Additional revisions of note include a rethink of the intake and cooling strategies. Like on the 488 Challenge, engineers relocated engine air intakes to the bodywork surrounding the rear spoiler, providing a ram effect; the Ferrari 308-inspired classic-style intakes on the car’s flanks now only help cool the engine compartment rather than feed the monster that lies inside it. This change increased airflow and allowed the installation of a larger intercooler. The front-mounted radiators are reoriented so they angle toward the car’s rear rather than toward the front as on the GTB, resulting in a 7 percent improvement in cooling efficiency, according to Ferrari.
However, beginning our test drive with four laps of Fiorano—it’s always nice to start your day with more than 700-hp beneath your right foot in a car you’ve never driven, on a track you haven’t tackled in several years—Ferrari doesn’t oversell the point about horsepower. Not exactly, anyway; rather, it makes a strong impression about how the car’s brain manages all the power and torque via the latest version of the company’s already excellent Side Slip Control, in this guise featuring a “lateral dynamics control system” with a marketing-friendly tag that sounds an awful lot like those ubiquitous products you see advertised in the back of men’s magazines: “Ferrari Dynamic Enhancer.” The simplest way to think of it is an additional stream of braking information the onboard driver-aid network processes in the form of brake vectoring, side-to-side and front-to-rear. It only works with the steering-wheel-located manettino switch dialed to the traction control’s “CT Off” setting, which sounds a little intimidating for racetrack runs straight out of the box.
And at first, for a lap or two, it is. Before lighting off from the pit lane, one of Ferrari’s test drivers piloted us on a couple of laps, rear end sliding all over the place. “You can keep your foot down through the exits,” he said. “Use small corrections on the wheel and you can do this, no problem.” It is one thing to see and hear it from someone else, quite another to implement it yourself so quickly after you push the start button.

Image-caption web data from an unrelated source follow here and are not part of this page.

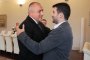 Желяз Андреев: Свободен съм благодарение на правителството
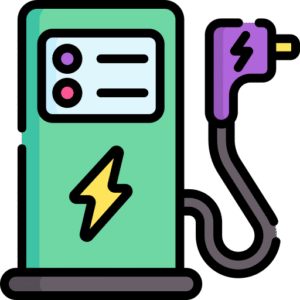 Carregadores carros elétricos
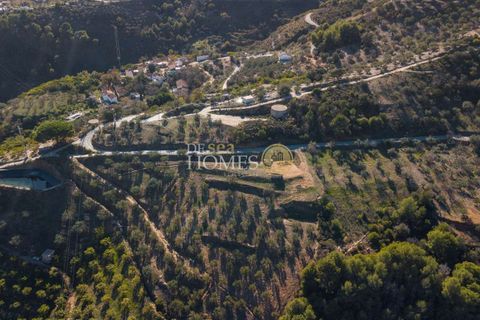 Helårsgrund i Nerja, Malaga, Nerja - € 117.000 | Ref: DH30144 - foto 7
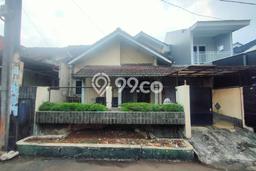 Rumah Terawat kawasan Pamulang, Tangerang Selatan, Luas 144m² LB 120m² DIJUAL CEPAT! Rumah Terawat kawasan Pamulang, Tangerang Selatan, Luas 144m² LB 120m² DIJUAL CEPAT!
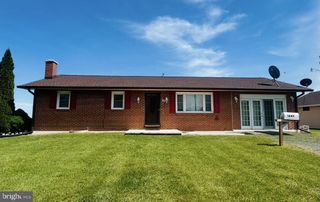 1843 HEIDE COOPER RD, Shanks, WV 26761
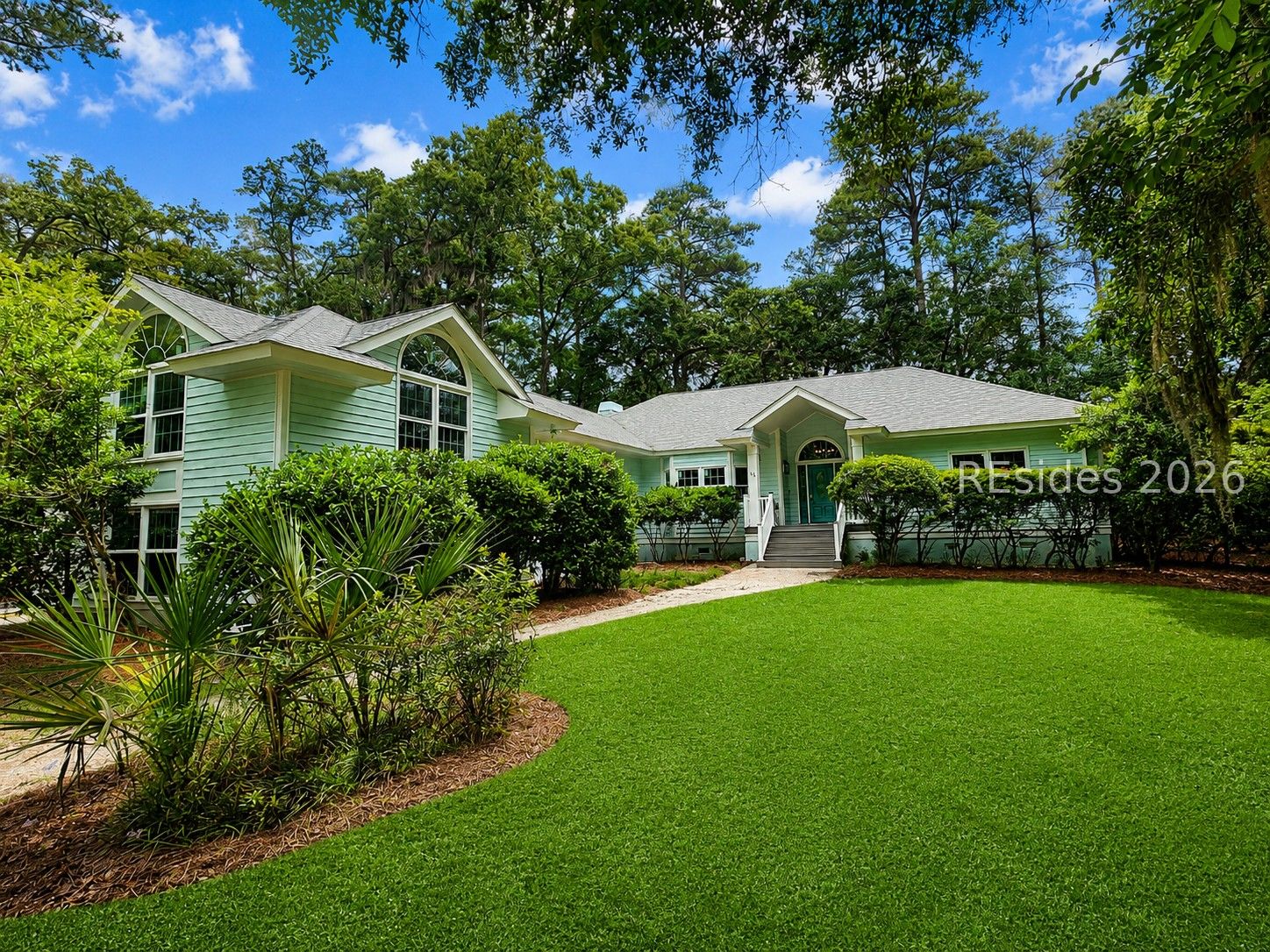 14 Rose Hill Drive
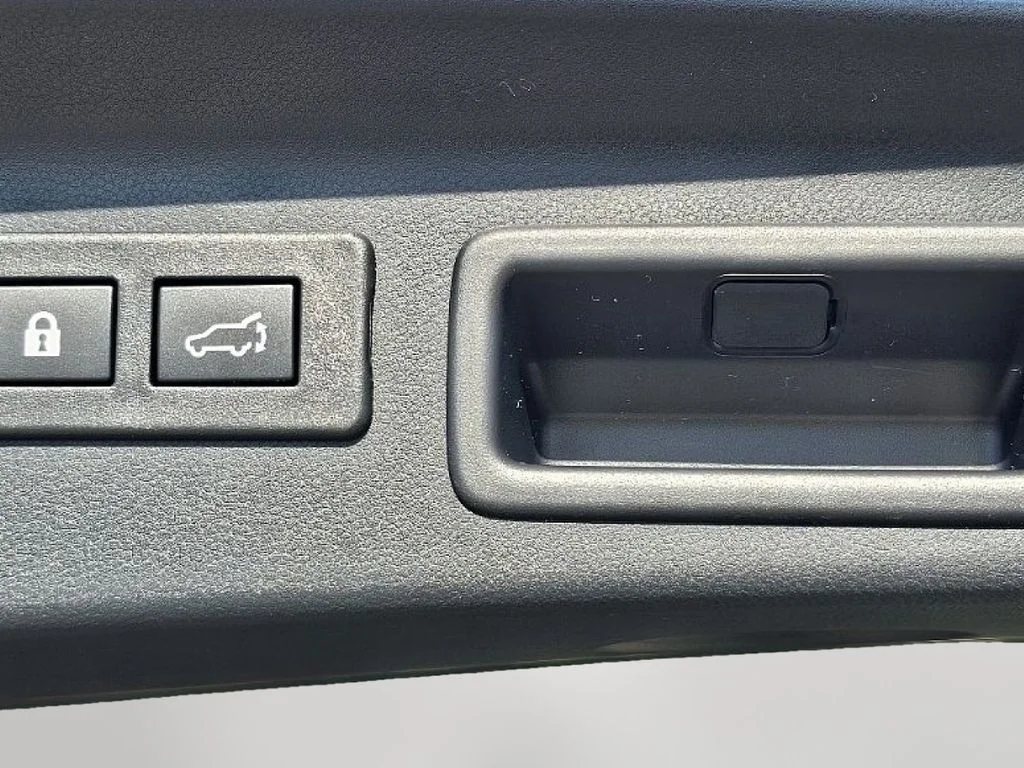 2026 Subaru Forester Limited - Photo 19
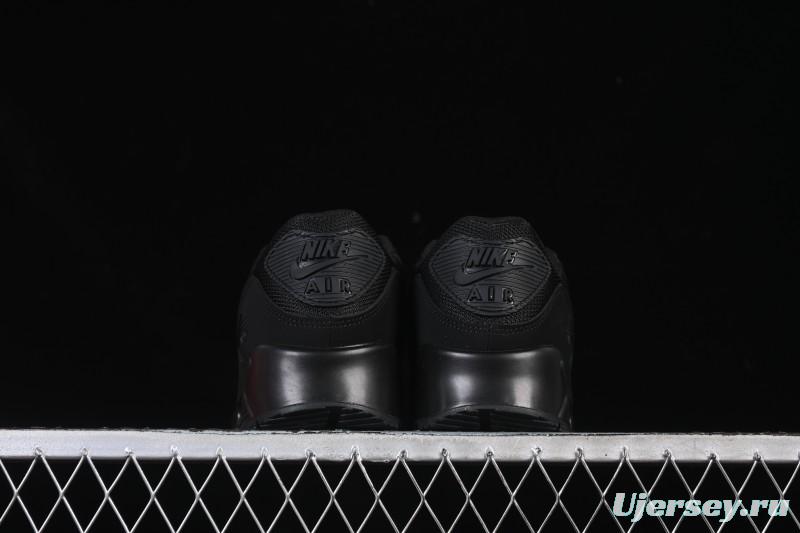 Nike Air Max 90 Retro Running Shoes with Air Cushion - CN8490-003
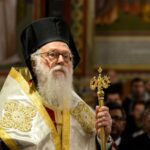 Ο Αρχιεπίσκοπος Αλβανίας Αναστάσιος για τα διδάγματα της πανδημίας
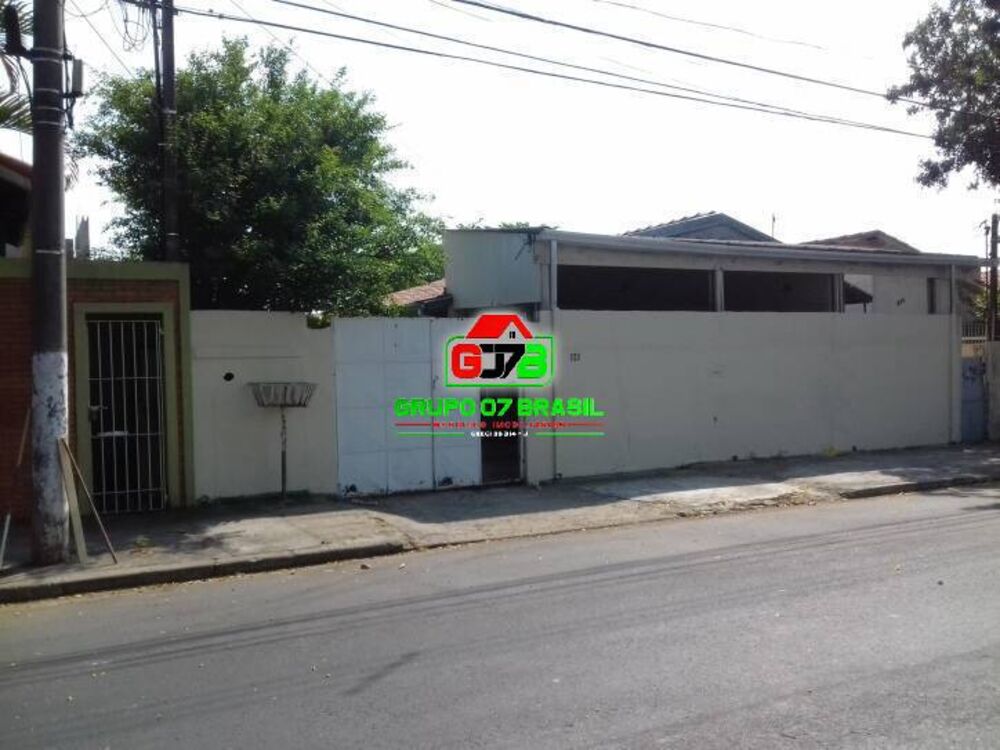 Casa, 5 quartos, 300 m² - Foto 3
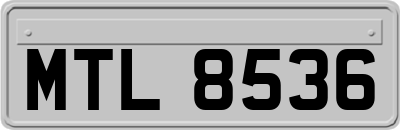 MTL8536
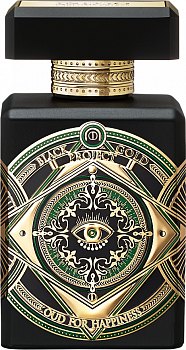 Initio Parfums Prives Oud For Happiness (20-58568 парфюмерная вода-тестер 90 мл)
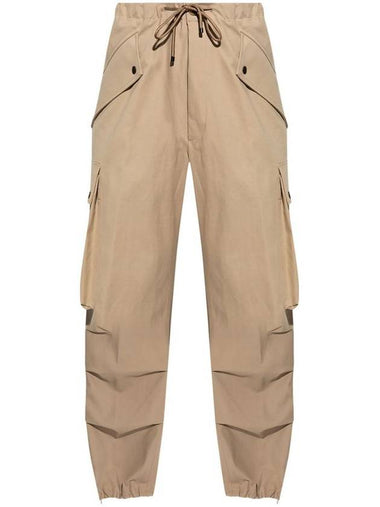 Dries Van Noten Pentrig Pants - DRIES VAN NOTEN - BALAAN 1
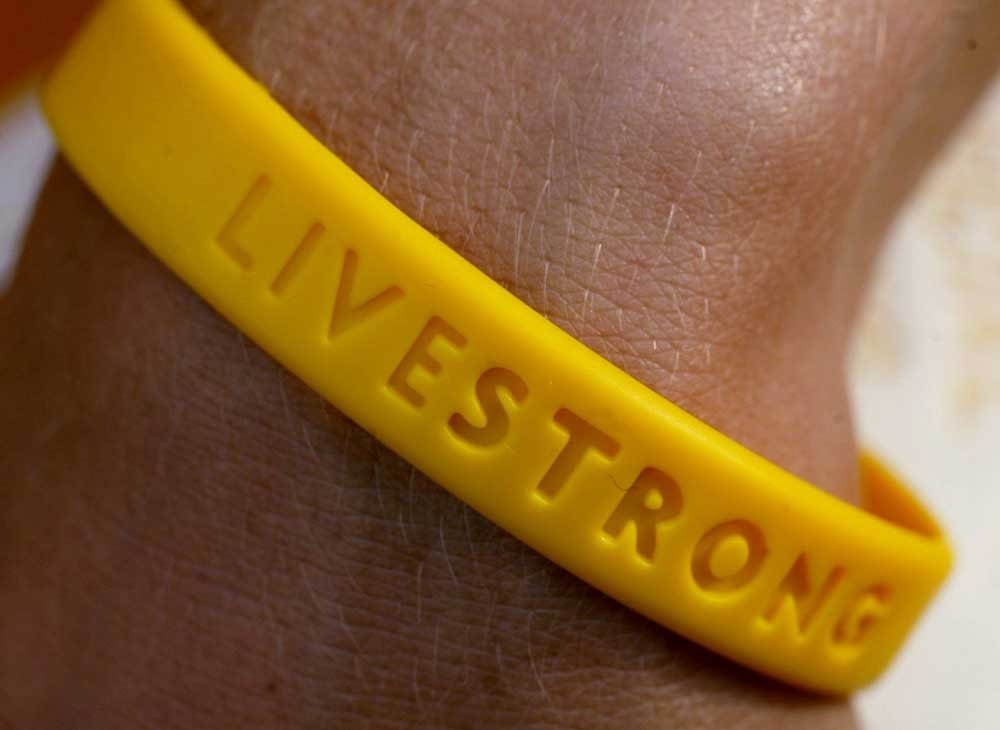 Livestrong Tries to Move Beyond Armstrong Doping Scandal
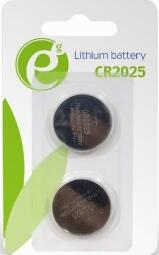 Energenie CR2025 2-pack (EG-BA-CR2025-01)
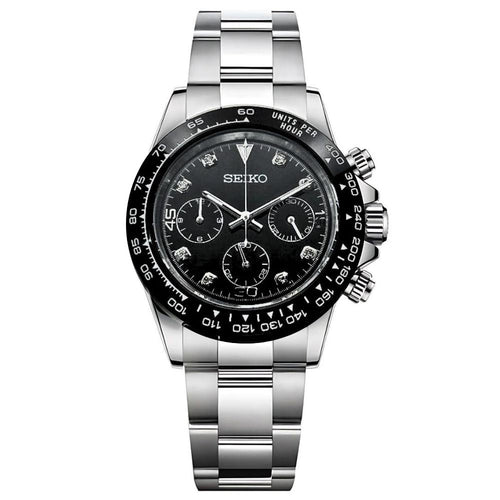 VestTona Gem Dial – VestWatches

As a result, the first few attempts are too cautious, the car remaining planted thanks to the tacky grip from the bespoke, Ferrari-spec’ed 20-inch Michelin Pilot Sport Cup 2 tires (treadwear 180).
Screw it. Hammer down on the next third-gear right-hand corner and, lookout, the tail snaps away. Jolted by the quick breakaway, opposite lock is accompanied by a huge throttle lift. The rear comes back into line in a sloppy display of non-drifting, but it’s clear there’s something to this, so try again. Get the nose turned in, bend it to the apex, and then unleash the power without fear. It takes some mental adjustment, a sort of eerie faith everything will stay rubber-side down, but soon you feel the rear begin to slip in linear, not snappy, fashion. Keep your foot in it and use small corrective steering inputs as instructed to, and the car comes back in line with ease. Not that our attempts with only four laps allotted were anywhere near what Ferrari’s drivers demonstrated, not even close. But nevertheless an epiphany formed and confidence began to build. With another five or 10 laps, we’ve no doubt the experience, and the slip angles, would have gotten nothing but better and bigger. That’s not important, though; the significant takeaway is that arguably never before have non-professional drivers been able to wield such an ominous amount of rear-drive power so gracefully.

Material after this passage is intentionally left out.